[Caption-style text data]

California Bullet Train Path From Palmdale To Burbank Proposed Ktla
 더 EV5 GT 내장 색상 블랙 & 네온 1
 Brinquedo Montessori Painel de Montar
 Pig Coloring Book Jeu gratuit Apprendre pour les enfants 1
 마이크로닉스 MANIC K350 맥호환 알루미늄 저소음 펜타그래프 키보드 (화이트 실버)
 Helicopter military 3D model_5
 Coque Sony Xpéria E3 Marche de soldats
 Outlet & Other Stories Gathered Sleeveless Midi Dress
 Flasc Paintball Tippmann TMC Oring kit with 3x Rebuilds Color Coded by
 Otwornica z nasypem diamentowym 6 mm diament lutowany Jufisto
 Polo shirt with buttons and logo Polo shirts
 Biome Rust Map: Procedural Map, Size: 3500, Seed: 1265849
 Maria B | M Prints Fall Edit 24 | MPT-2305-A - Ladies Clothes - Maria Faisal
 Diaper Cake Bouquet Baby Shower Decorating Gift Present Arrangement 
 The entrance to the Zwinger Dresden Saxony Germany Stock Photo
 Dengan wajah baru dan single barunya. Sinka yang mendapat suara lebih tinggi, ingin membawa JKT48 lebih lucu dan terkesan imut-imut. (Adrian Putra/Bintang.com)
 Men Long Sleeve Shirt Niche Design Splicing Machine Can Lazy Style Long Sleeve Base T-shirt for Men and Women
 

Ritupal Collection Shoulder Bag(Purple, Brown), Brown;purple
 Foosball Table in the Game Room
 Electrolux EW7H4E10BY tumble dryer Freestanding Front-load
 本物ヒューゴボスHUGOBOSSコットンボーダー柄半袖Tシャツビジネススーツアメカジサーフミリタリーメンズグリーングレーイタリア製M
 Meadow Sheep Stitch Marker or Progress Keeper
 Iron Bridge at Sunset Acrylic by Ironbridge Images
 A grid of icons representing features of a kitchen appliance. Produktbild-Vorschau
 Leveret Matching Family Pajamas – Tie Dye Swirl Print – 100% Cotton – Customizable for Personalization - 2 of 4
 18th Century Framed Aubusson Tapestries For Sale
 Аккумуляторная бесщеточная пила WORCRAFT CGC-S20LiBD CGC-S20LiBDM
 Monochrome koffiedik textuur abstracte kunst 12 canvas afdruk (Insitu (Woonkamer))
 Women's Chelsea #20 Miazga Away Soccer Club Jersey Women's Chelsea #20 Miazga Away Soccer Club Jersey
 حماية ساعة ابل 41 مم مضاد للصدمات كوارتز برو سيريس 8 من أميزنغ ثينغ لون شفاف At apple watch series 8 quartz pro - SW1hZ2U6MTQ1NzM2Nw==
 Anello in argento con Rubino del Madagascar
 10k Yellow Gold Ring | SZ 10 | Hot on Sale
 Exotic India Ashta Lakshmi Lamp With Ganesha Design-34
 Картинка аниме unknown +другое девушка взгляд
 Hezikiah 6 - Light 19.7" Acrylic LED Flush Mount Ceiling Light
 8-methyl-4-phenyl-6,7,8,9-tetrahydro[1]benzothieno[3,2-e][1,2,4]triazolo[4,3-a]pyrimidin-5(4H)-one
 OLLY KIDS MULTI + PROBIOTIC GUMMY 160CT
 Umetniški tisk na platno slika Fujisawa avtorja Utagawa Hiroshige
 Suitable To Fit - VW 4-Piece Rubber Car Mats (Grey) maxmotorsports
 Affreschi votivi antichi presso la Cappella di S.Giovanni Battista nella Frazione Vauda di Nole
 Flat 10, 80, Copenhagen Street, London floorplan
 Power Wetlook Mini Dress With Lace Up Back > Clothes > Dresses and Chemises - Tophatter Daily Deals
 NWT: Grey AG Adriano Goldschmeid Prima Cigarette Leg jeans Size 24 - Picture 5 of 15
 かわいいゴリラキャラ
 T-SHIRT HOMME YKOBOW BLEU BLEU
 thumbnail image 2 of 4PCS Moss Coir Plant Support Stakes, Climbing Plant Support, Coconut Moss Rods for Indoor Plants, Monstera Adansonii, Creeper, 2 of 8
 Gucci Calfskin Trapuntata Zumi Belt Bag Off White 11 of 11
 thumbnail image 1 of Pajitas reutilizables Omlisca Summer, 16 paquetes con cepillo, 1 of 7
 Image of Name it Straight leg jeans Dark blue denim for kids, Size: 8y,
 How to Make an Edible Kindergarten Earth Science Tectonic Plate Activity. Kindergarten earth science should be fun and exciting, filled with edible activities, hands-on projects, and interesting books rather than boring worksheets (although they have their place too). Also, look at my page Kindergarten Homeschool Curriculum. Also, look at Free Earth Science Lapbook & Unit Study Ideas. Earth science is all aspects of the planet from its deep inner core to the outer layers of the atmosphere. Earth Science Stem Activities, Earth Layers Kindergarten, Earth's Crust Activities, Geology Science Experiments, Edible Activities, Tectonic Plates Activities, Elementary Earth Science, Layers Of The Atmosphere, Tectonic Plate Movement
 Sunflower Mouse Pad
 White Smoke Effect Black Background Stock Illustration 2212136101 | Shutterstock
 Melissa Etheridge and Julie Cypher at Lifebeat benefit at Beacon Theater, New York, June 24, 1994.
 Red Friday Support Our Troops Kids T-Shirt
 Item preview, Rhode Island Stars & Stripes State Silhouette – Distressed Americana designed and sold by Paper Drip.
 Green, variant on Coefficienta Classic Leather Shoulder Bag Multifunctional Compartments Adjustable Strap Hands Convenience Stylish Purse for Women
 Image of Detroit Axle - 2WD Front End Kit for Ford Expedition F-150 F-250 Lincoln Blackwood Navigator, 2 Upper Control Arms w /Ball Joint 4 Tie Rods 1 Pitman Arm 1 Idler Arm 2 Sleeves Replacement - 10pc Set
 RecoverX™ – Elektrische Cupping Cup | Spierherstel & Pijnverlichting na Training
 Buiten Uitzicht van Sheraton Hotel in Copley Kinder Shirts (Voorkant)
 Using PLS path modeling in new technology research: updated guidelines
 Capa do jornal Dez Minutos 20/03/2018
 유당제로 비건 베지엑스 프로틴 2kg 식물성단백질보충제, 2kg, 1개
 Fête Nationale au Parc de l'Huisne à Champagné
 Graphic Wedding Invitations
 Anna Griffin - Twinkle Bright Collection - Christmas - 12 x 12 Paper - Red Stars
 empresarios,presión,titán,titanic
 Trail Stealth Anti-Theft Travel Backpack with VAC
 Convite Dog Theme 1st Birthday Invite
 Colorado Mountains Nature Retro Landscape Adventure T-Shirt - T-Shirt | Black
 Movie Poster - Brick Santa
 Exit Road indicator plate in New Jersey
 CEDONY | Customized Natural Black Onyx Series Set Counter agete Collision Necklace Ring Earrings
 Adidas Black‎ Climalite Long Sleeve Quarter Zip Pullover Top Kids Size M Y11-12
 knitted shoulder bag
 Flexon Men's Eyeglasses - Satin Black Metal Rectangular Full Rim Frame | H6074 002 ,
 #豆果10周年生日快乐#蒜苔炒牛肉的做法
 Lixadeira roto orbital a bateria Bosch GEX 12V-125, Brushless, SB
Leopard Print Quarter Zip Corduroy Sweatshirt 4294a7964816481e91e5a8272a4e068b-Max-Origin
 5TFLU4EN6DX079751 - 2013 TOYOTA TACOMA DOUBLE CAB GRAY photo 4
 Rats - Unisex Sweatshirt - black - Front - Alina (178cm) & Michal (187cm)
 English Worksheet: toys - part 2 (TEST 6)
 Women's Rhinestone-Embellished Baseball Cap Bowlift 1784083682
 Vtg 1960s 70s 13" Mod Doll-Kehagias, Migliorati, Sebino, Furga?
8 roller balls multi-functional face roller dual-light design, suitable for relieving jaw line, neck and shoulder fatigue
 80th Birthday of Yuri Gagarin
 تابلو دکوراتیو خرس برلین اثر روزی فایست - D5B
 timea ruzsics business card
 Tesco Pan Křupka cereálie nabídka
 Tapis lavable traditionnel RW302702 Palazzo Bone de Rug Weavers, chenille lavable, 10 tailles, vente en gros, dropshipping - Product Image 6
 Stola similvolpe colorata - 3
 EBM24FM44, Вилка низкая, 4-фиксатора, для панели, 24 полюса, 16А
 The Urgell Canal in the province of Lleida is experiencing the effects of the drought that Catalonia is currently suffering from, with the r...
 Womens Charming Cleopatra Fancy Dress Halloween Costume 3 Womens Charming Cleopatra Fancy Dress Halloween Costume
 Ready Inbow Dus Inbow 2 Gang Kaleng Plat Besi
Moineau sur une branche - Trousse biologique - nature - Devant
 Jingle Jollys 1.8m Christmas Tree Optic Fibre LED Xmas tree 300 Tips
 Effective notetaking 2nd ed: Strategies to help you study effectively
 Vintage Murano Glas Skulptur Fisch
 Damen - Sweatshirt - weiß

§ **Problem to solve**:
Working through the entries above, copy every line in which "Clothes" is found.

§ **Task answer**:
 Maria B | M Prints Fall Edit 24 | MPT-2305-A - Ladies Clothes - Maria Faisal
 Power Wetlook Mini Dress With Lace Up Back > Clothes > Dresses and Chemises - Tophatter Daily Deals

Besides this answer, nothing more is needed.